Discuss the signs and magnitudes of the estimated coefficients and their comparisons to predicted or theoretical signs and magnitudes. What have we learned? Consider how the model might be reformulated in future studies, and implications for future econometric research.
Sum up the major results of your study.
Include complete citations of all items referred to in the paper.
If reasonable, provide a table of all the data used. At a minimum, provide the summary statistics for the data.
Honnold Library carries several journals which specialize in applied economic research like the American Economic Review, Journal of Political Economy, International Economic Review, Industrial and Labor Relations Review, and the Journal of Business and Economics. The Quarterly Review, Economic Review or the Business Review of the various regional Federal Reserve Banks also contain good applied economic research. Since most of you have not read an econometrics paper before, you should take a look at some of these journals.
And finally, the writing style, if you can call it that, of economists differs from that of historians, journalists and non-economists in general. You might take a look at The Writing of Economics by Donald N. McCloskey, or a shorter version titled "Economical Writing" which appeared in Economic Inquiry, April 1985 for some editorial guidelines regarding appropriate writing style.
At any time, I will be happy to assist you in completing the project, but we must all remember that it is your project. The responsibility for picking the topic, clarifying the issues, gathering the evidence, and doing the analysis is yours. I will help you to refine your ideas, to discover and circumvent any research pitfalls you may encounter, to put the finishing touches on your research design and to express your ideas more coherently, but I will not deny you the joy of discovering that you can do this kind of independent research.
The econometrics paper for this course will be developed through four phases during the semester.
Phase 1: Write a 2-3 page essay which poses a research question from any field of economics and develops a strategy for answering that question using regression analysis. The strategy will identify the dependent variable, set of explanatory variables, and the type of data required. This essay will serve as the student's proposal for the semester project. This first essay is due on Wednesday 27 September.

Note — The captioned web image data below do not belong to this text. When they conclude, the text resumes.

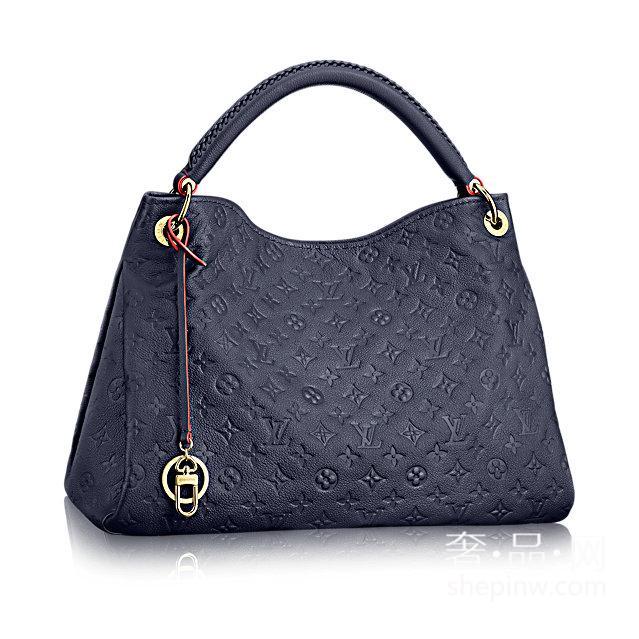 Louis vuitton Artsy 中号手提袋 M43237堪称经典款 压纹皮革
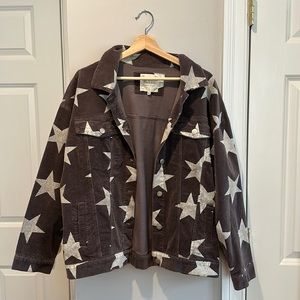 Star Corduroy Jacket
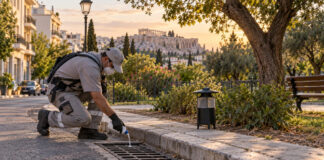 Γαλάτσι: Εντατικοποιήθηκε η καταπολέμηση κουνουπιών με εβδομαδιαίες εφαρμογές Δημοτικό συνεργείο εφαρμόζει πρόγραμμα διαχείρισης κουνουπιών σε φρεάτιο
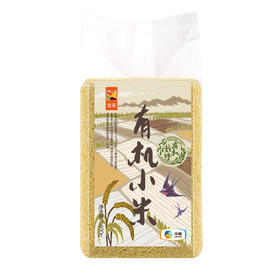 中粮悠采有机小米400g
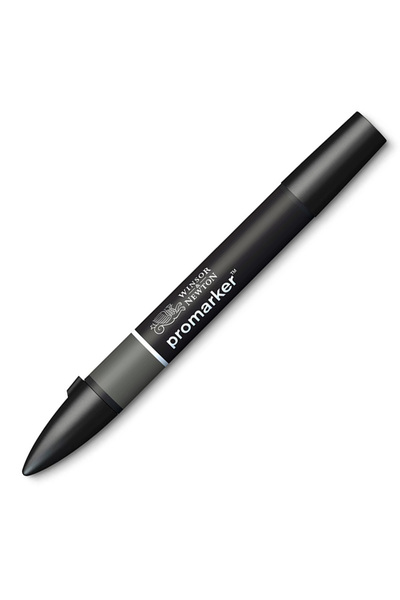 Winsor Newton Promarker Çift Uçlu Alkol Bazlı Grafik Çizim Kalemi Ice Grey 7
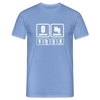 OMG Berlin - Männer Premium T-Shirt - carolina blue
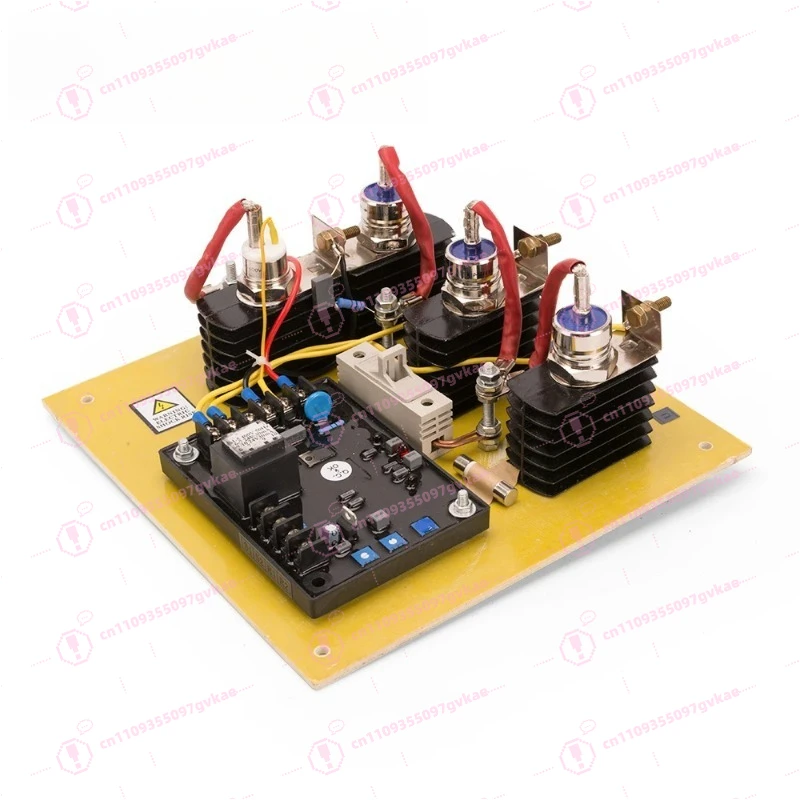GAVR 100A Voltage Regulator with Rectifier and Diode, Carbon Brush Diesel Generator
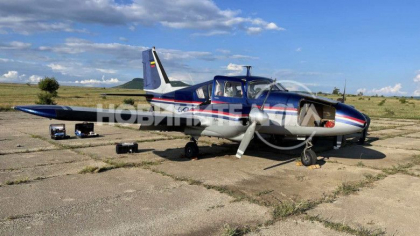Avionul misterios care a traversat mai multe tari NATO a fost vandut saptamana trecuta: „Au venit 3 oameni, cu unul am vorbit in rusa”

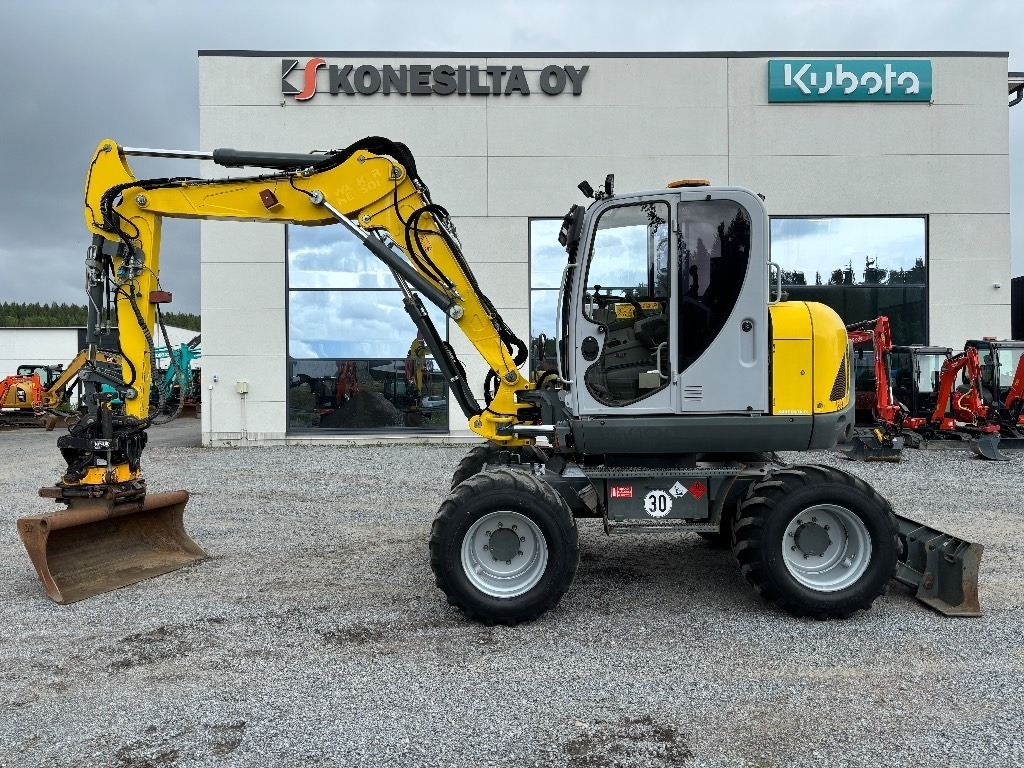 Wacker Neuson EW 100 - Mobilbagger: das Bild 1 Wacker Neuson EW 100 - Mobilbagger: das Bild 1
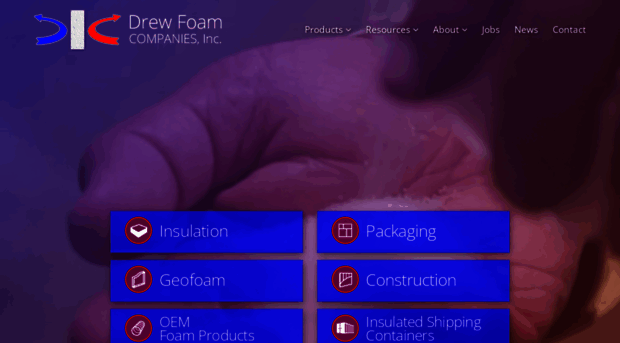 drewfoam.com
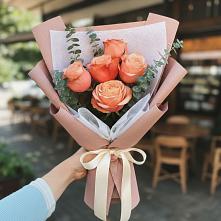 Букет цветов из:  Розы в Ашитково
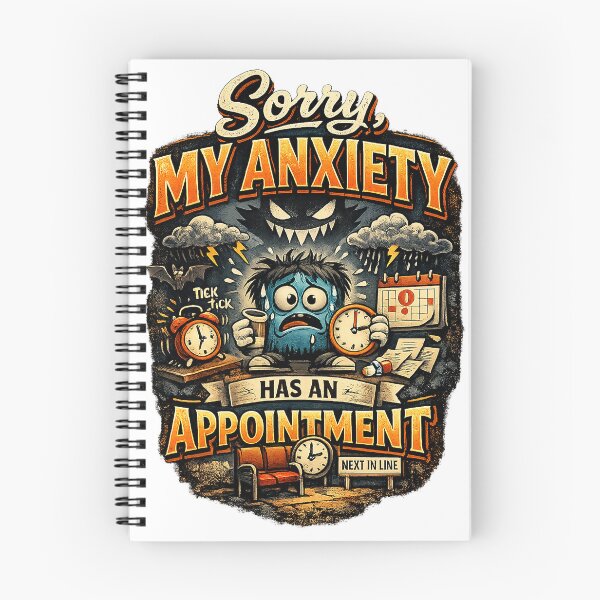 Item preview, Sorry, My Anxiety Has an Appointment designed and sold by STUDIO2026.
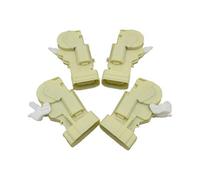 Yurefax Juego de 4 piezas actuador pestillo bloqueo puerta trasera delantera del pasajero izquierdo for Lexus, RX300 1999-2003 69030-48020 Manija de puerta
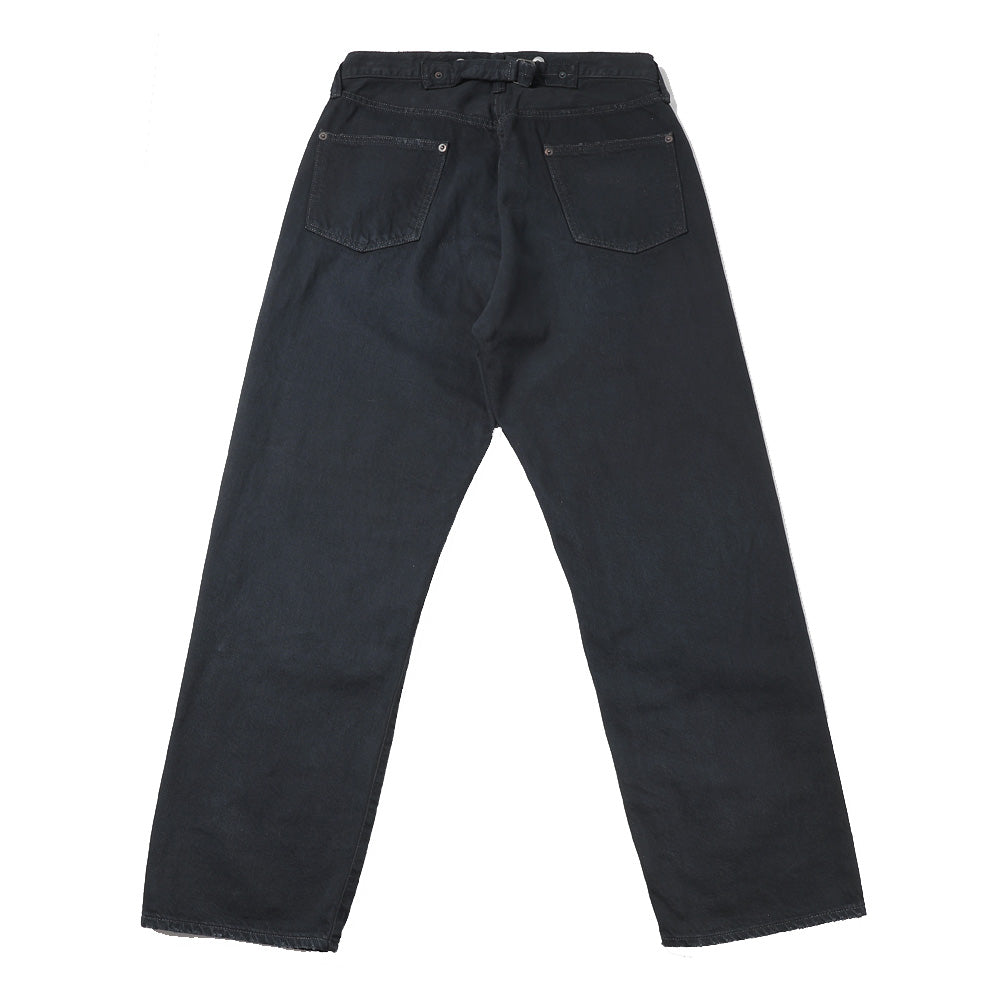 No.22 Washed Wide Denim Pants(CUSTOM)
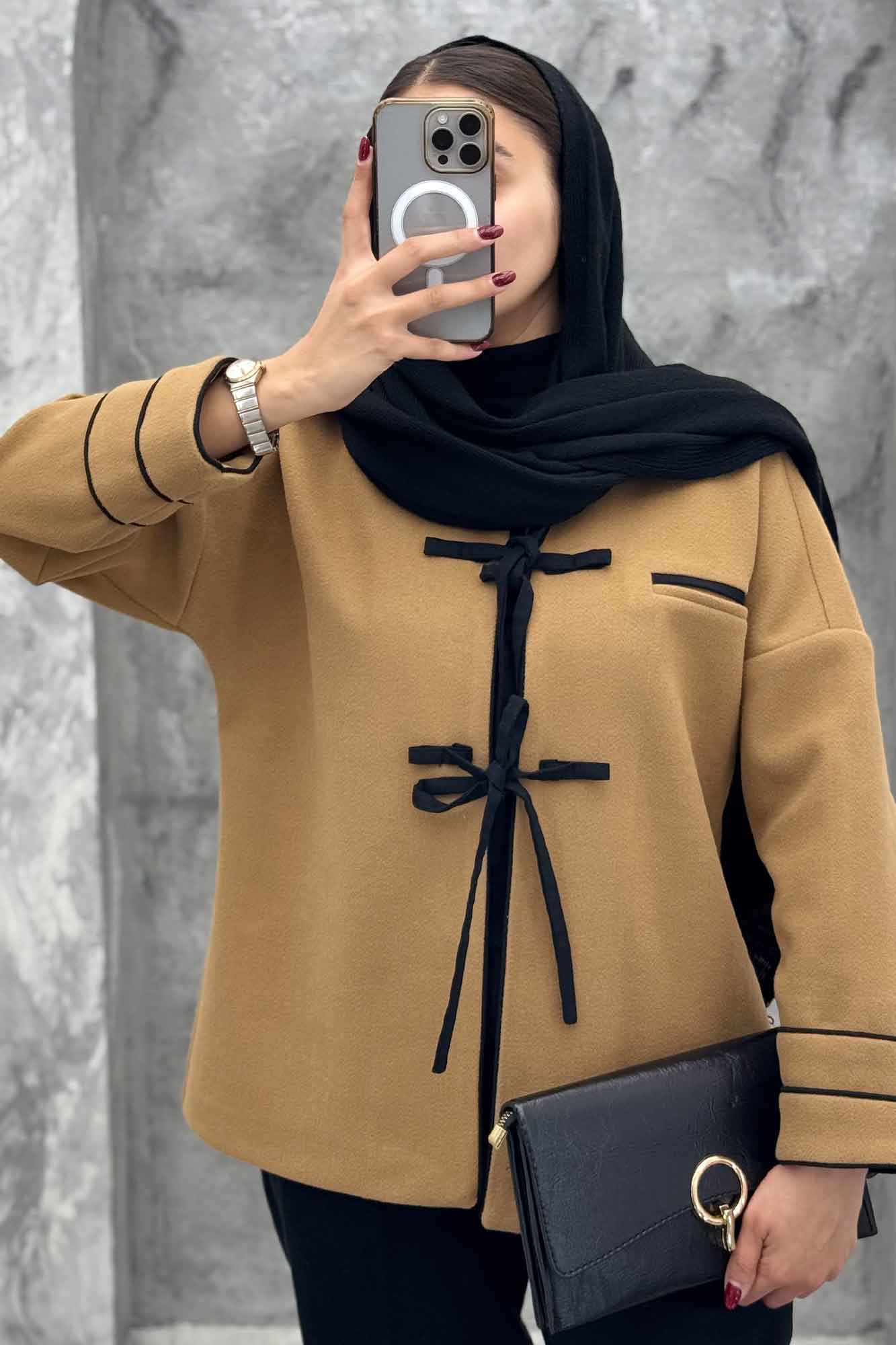 کت فوتر مغزی دوزی دو بند DEYZI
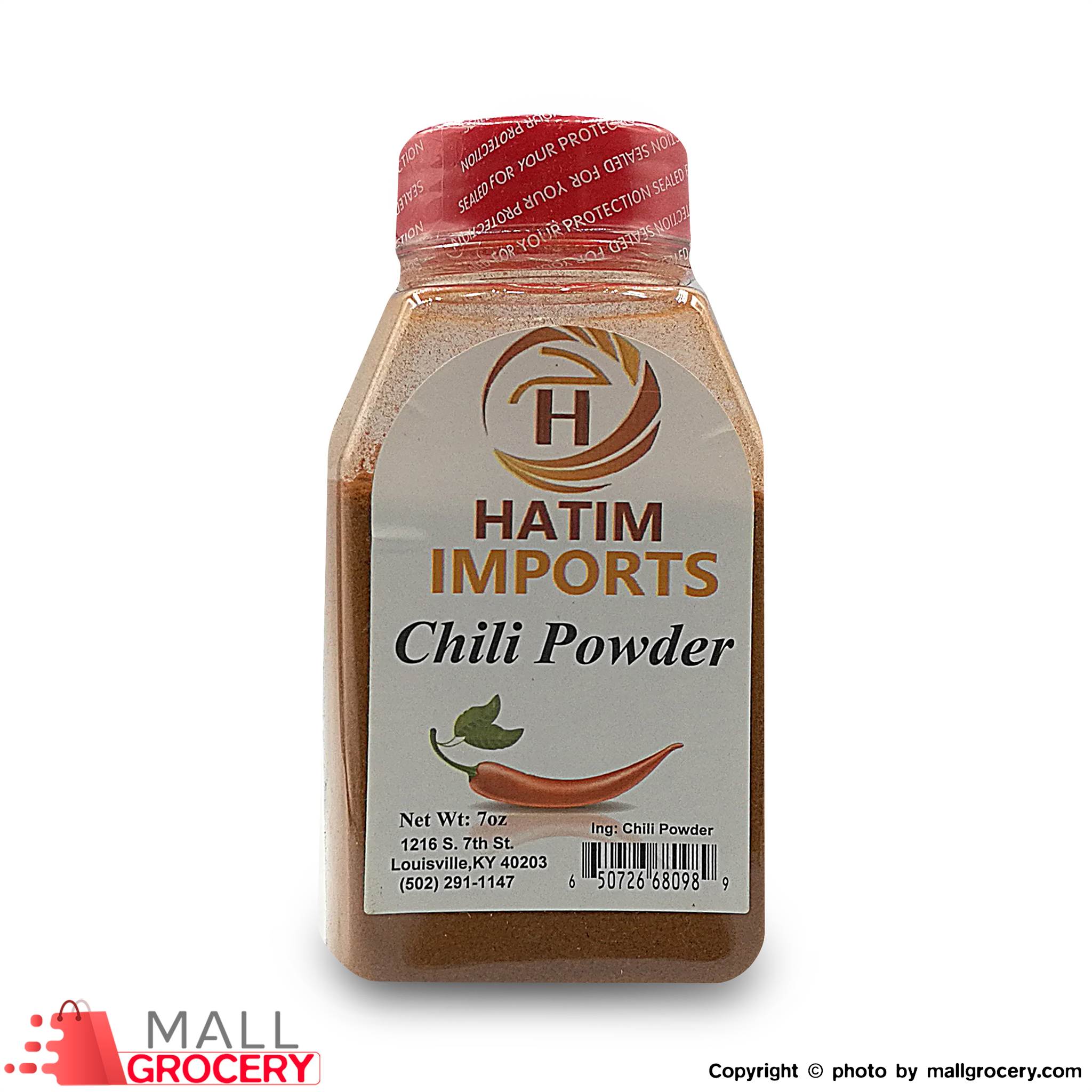 Hatim Imports-Chili Powder 7 Oz 200 Gr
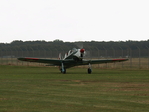 Flugzeug Pilatus P2
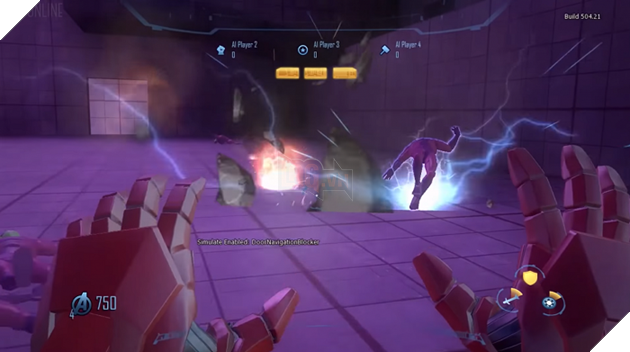 Lộ diện gameplay của tựa game Avengers FPS đã bị THQ Nordic khai tử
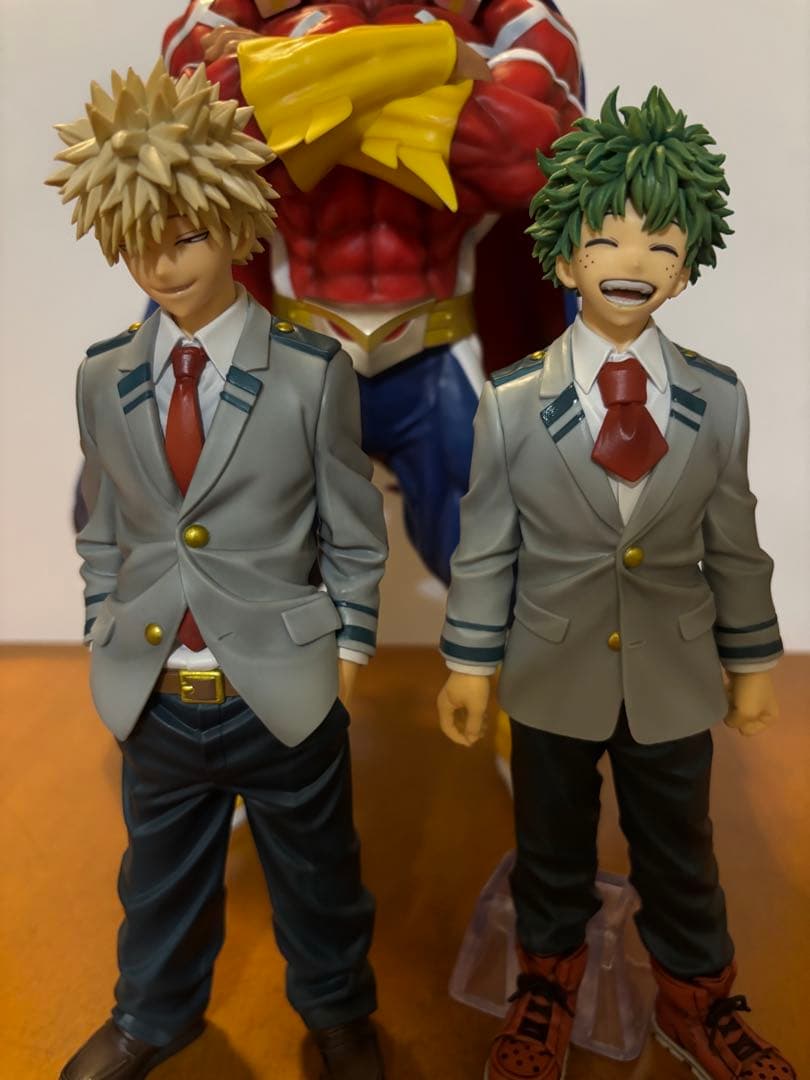 僕のヒーローアカデミア　一番くじ　紡がれる想い　A賞緑谷　B賞爆豪 ラストワン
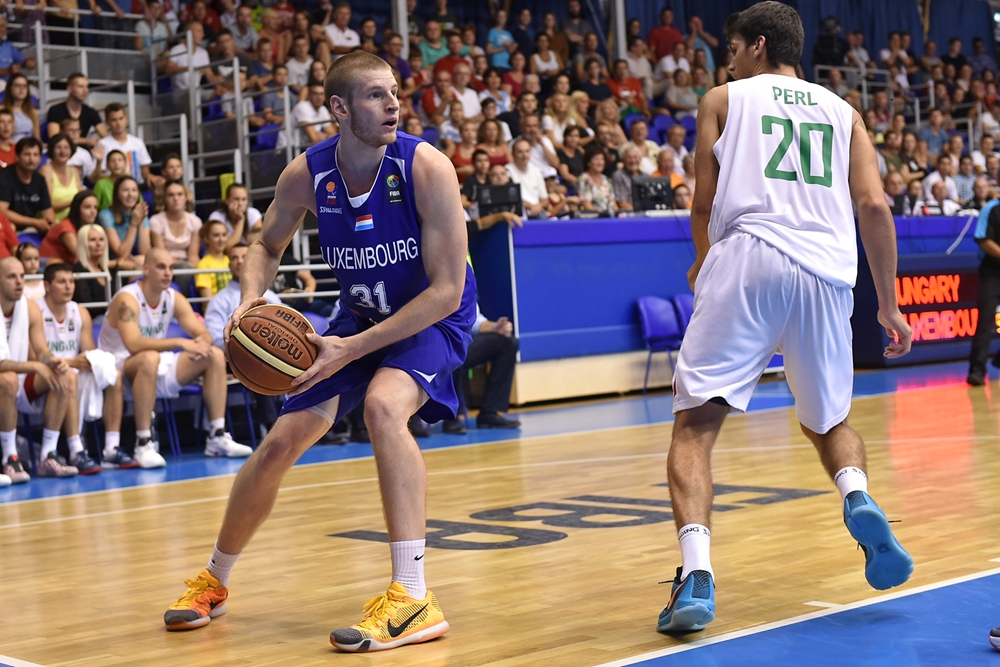 Alex Laurent, un anotador compulsivo que brilla con Luxemburgo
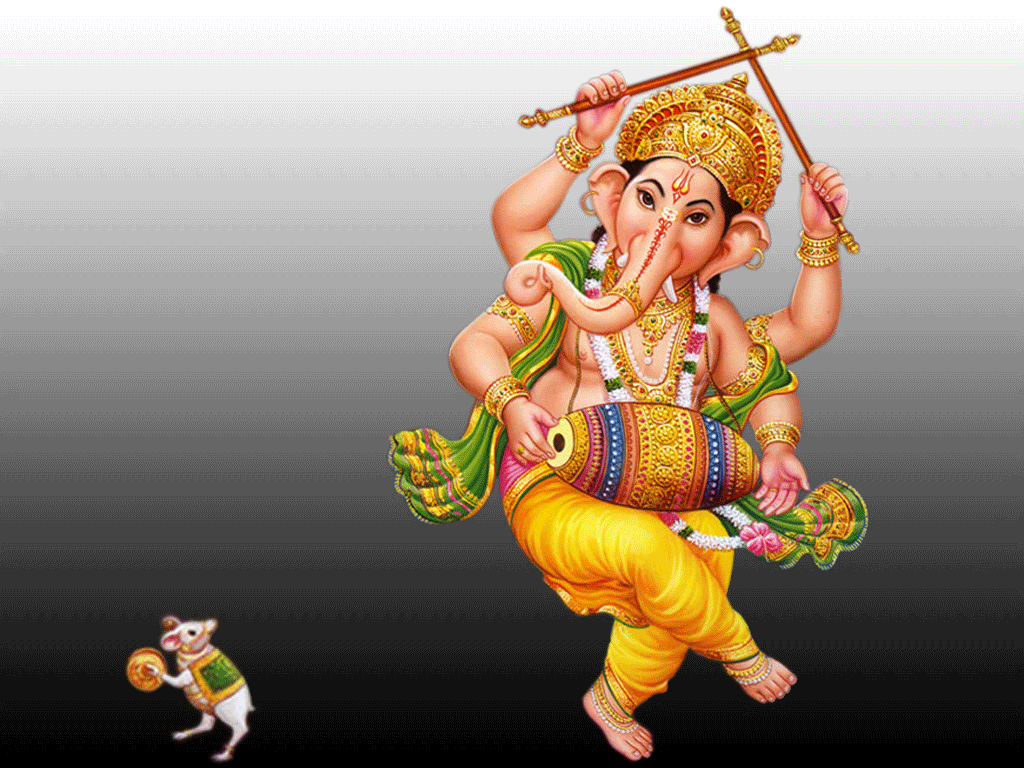 Lord ganesha in black iphone 6 plus high resolution wallpapers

Phase 2: Write a 5-7 page essay which identifies at least two papers published in academic journals or as part of a working paper series that use regression analysis to answer the specific research question of the author's choosing. For example, the papers might both investigate the factors that contribute to economic growth in developing countries. Your essay will review and critique these studies. In particular, your essay will identify the theoretical propositions tested in the papers, identify the dependent and independent variables, describe the data, and discuss any econometric problems and possible solutions. This second essay is due on Wednesday 18 October.
Phase 3: Write a 3-5 page essay which reports the results of your regression analysis. The essay should identify a specific research question, describe the data used to answer that question, present the results, and describe the empirical problems and methods used to correct those problems. After the first submission, students will present their results in class and obtain feedback from fellow students. This third essay is first due on Wednesday 8 November.
Phase 4: Write a 10-15 page research paper which incorporates the edited material from the earlier three essays. This final paper is due by 4pm on Friday 8 December.